WHAT YOU HAVE TO DO: Return only what runs from the line containing "a room with" through the last line of the entries below, exactly, omitting pictures.

========================

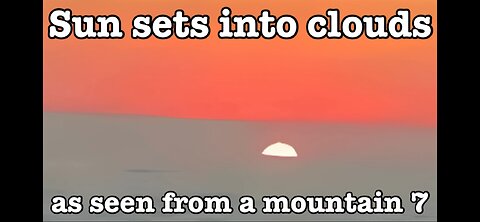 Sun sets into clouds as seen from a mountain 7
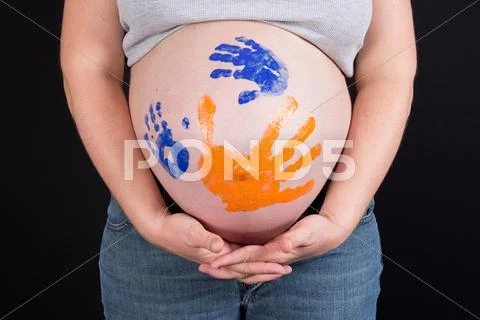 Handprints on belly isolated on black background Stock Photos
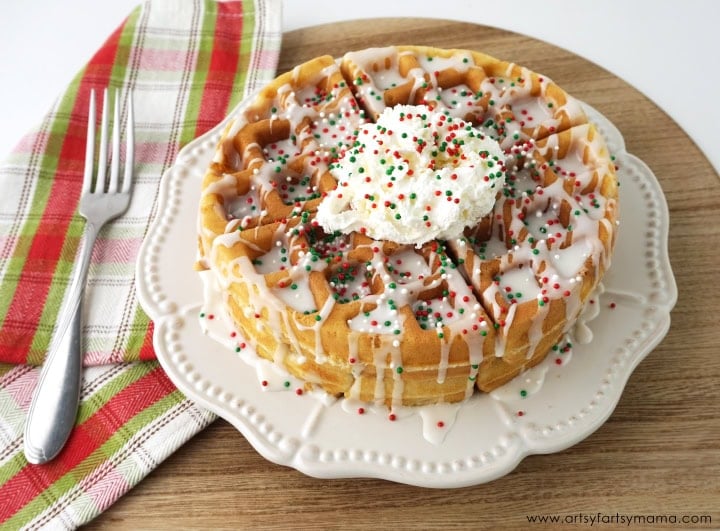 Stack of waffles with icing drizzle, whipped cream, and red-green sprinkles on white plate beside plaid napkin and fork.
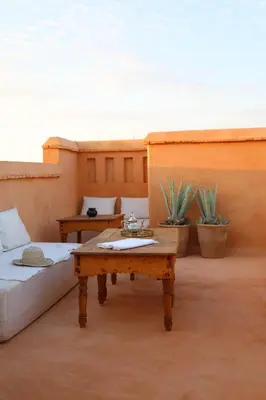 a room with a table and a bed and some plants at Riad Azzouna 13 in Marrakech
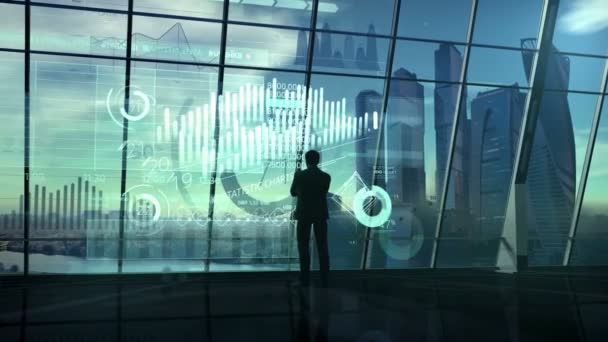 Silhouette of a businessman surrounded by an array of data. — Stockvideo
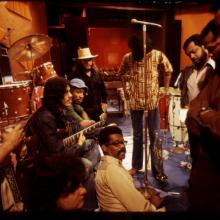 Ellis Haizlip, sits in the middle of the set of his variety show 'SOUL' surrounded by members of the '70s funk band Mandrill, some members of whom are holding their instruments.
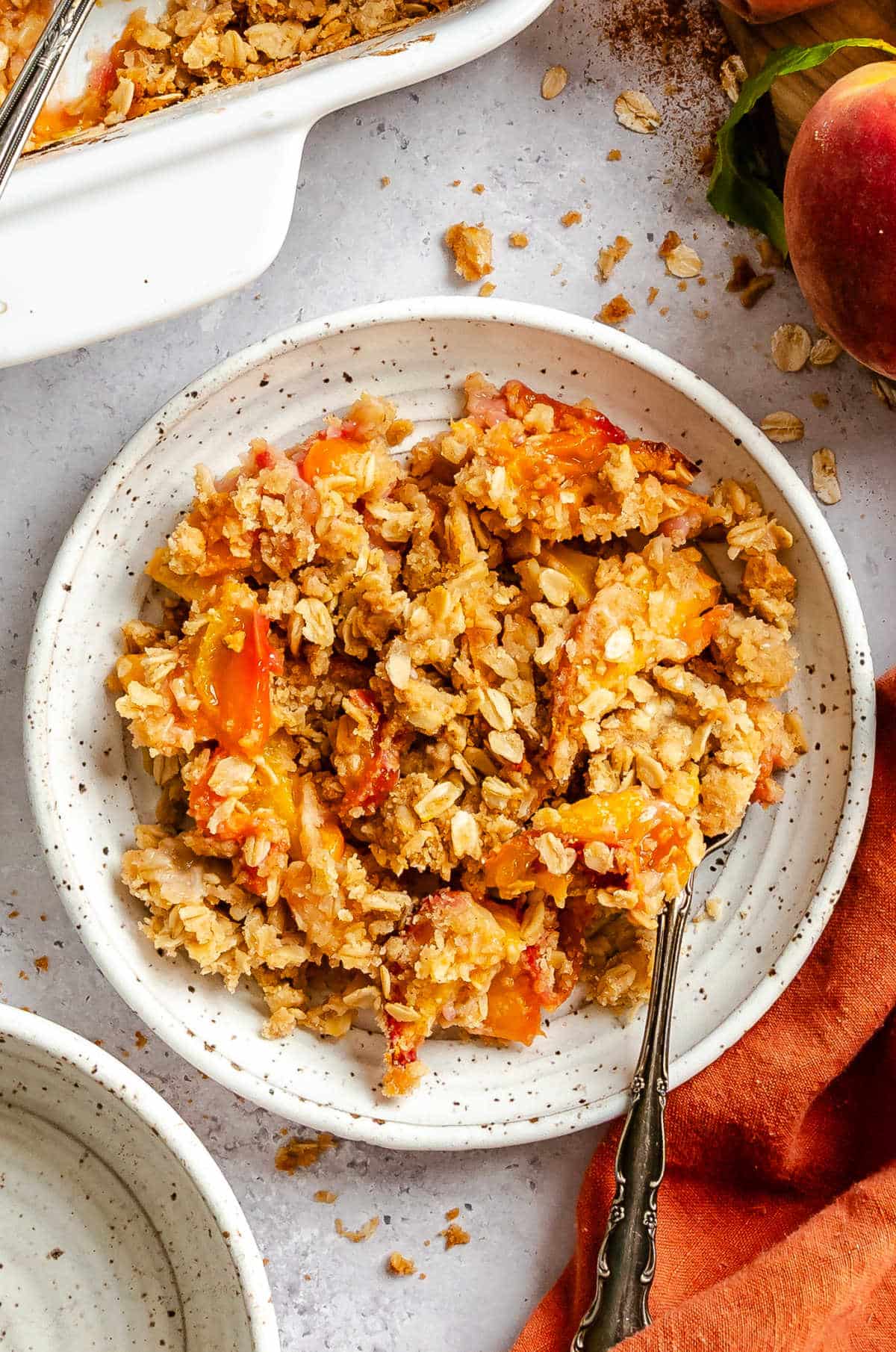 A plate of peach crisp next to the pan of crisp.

========================

FINAL ANSWER:
 a room with a table and a bed and some plants at Riad Azzouna 13 in Marrakech
 Silhouette of a businessman surrounded by an array of data. — Stockvideo
 Ellis Haizlip, sits in the middle of the set of his variety show 'SOUL' surrounded by members of the '70s funk band Mandrill, some members of whom are holding their instruments.
 A plate of peach crisp next to the pan of crisp.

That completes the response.